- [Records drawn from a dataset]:
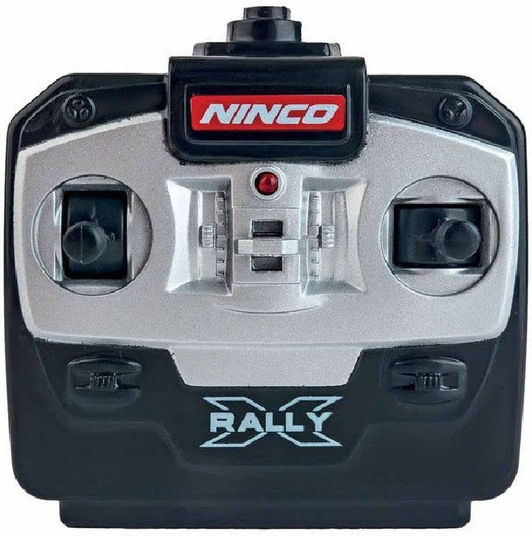 Ninco Rally Galaxy Τηλεκατευθυνόμενο Αυτοκίνητο Drift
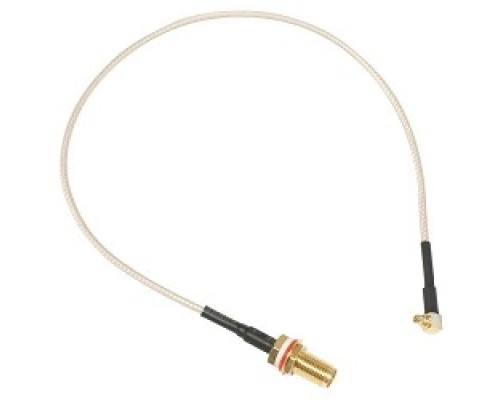 [Сетевое оборудование] MikroTik ACMMCXRPSMA Пигтейл MMCX-RPSMA pigtail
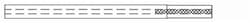 Restek™ Splitless Liners for PerkinElmer GCs: Auto SYS Splitless
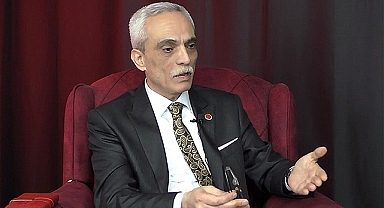 MTP Genel Başkanı Ahmet Yılmaz'dan seçim sonrası flaş Sinan Oğan açıklaması
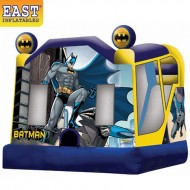 Batman Hüpfburg Batman Hüpfburg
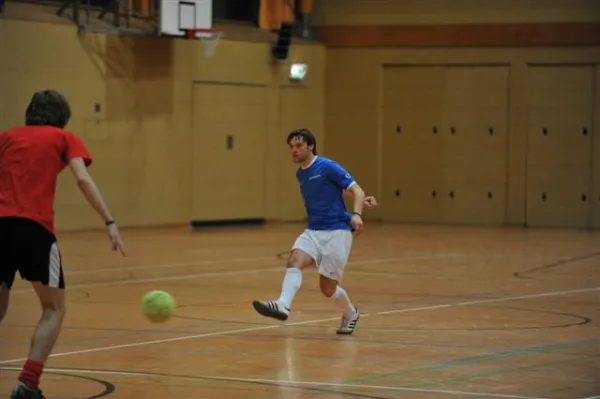 5. Ohrataler Fußballnacht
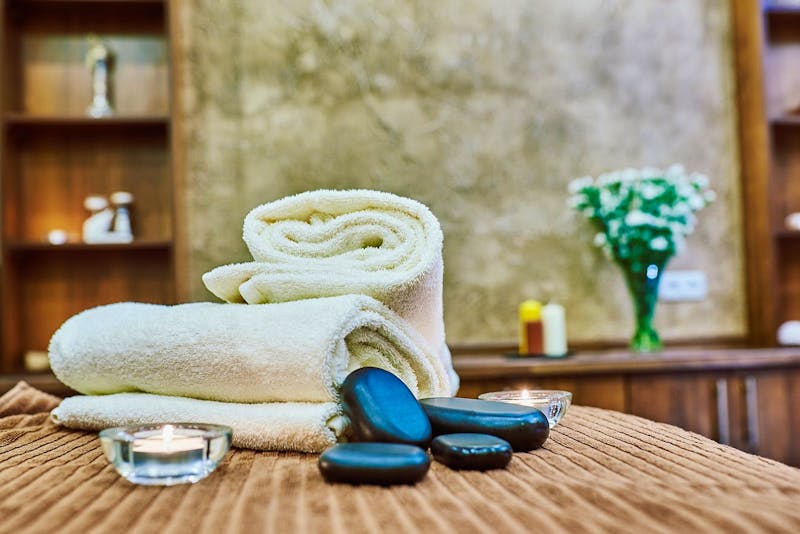 SPA im Jantar Hotel & Spa – ©IdeaSpa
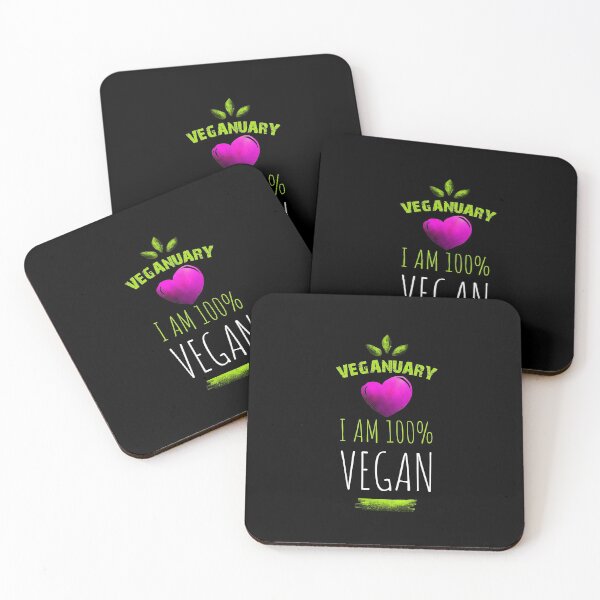 Item preview, Veganuary!! designed and sold by Chitrogiri.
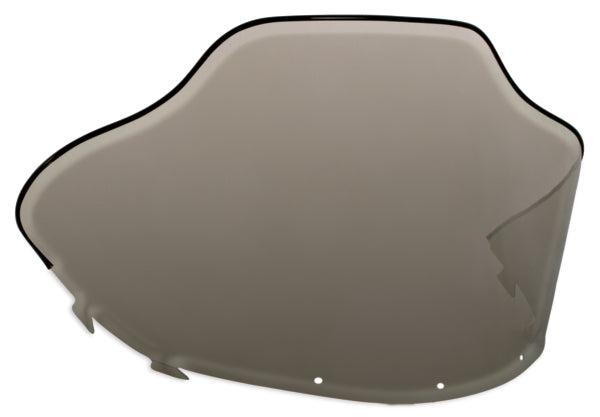 KIMPEX WINDSHIELD 15" SMK POL KIMPEX 06-228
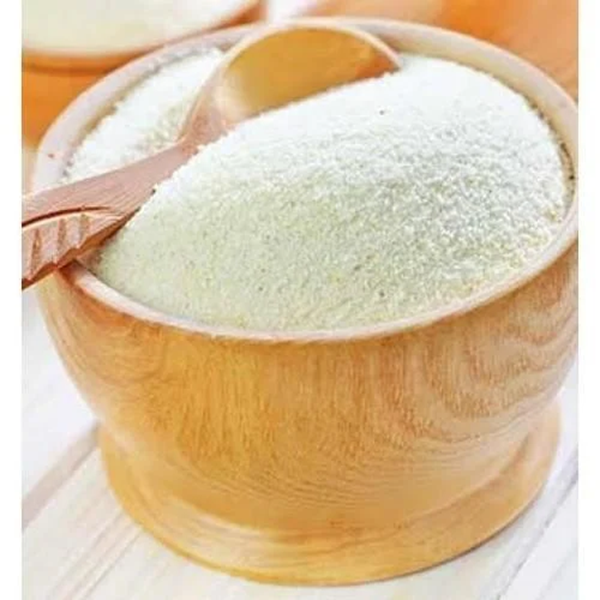 Fine Sooji (Non Roasted) 1 Kg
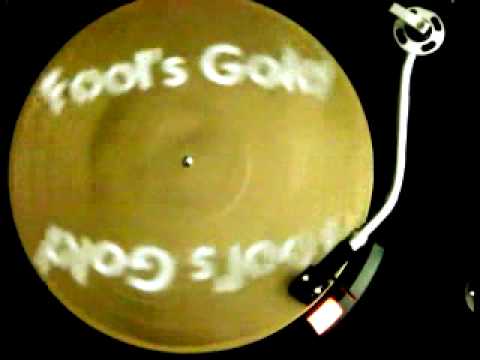 Fools Gold LP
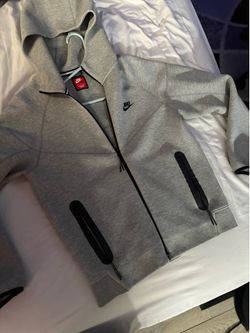 Nike tech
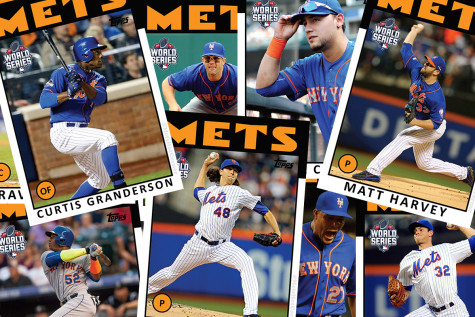 Topps Release 2016 First Pitch Citi Field Celebrity Cards
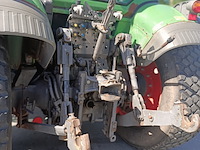 Tractor, fendt, 208 vario, 2014 - afbeelding 19 van  46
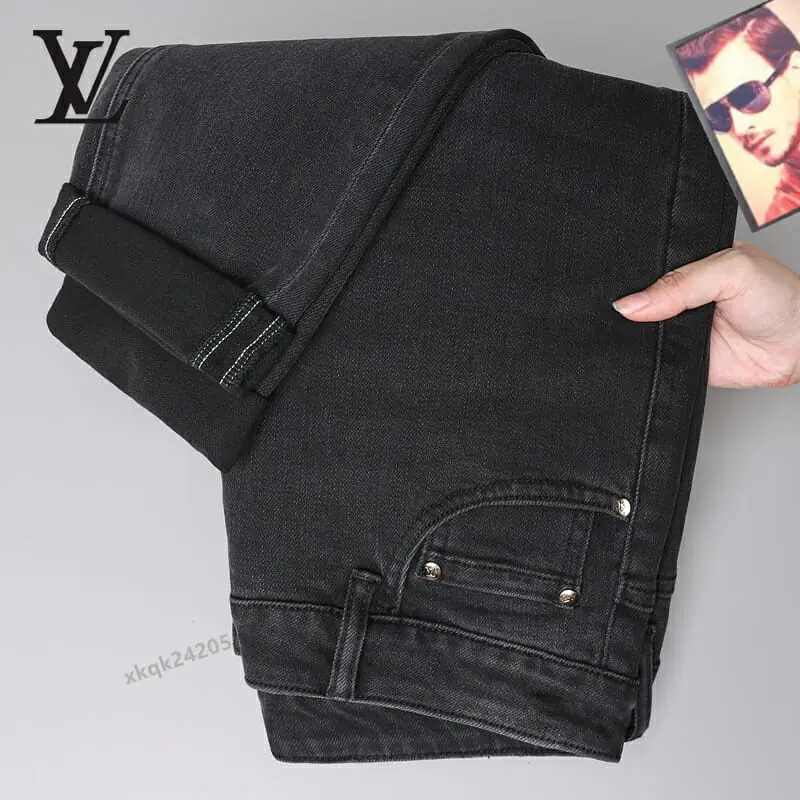 louis vuitton lv jeans pour homme s_1263a314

- [WORK INSTRUCTIONS]: Begin at the line with "POL KIMPEX 06-228" and end at the last line of the data above. Reproduce those lines exactly, but not the pictures.

- [SOLVED PROBLEM]:
 KIMPEX WINDSHIELD 15" SMK POL KIMPEX 06-228
 Fine Sooji (Non Roasted) 1 Kg
 Fools Gold LP
 Nike tech
 Topps Release 2016 First Pitch Citi Field Celebrity Cards
 Tractor, fendt, 208 vario, 2014 - afbeelding 19 van  46
 louis vuitton lv jeans pour homme s_1263a314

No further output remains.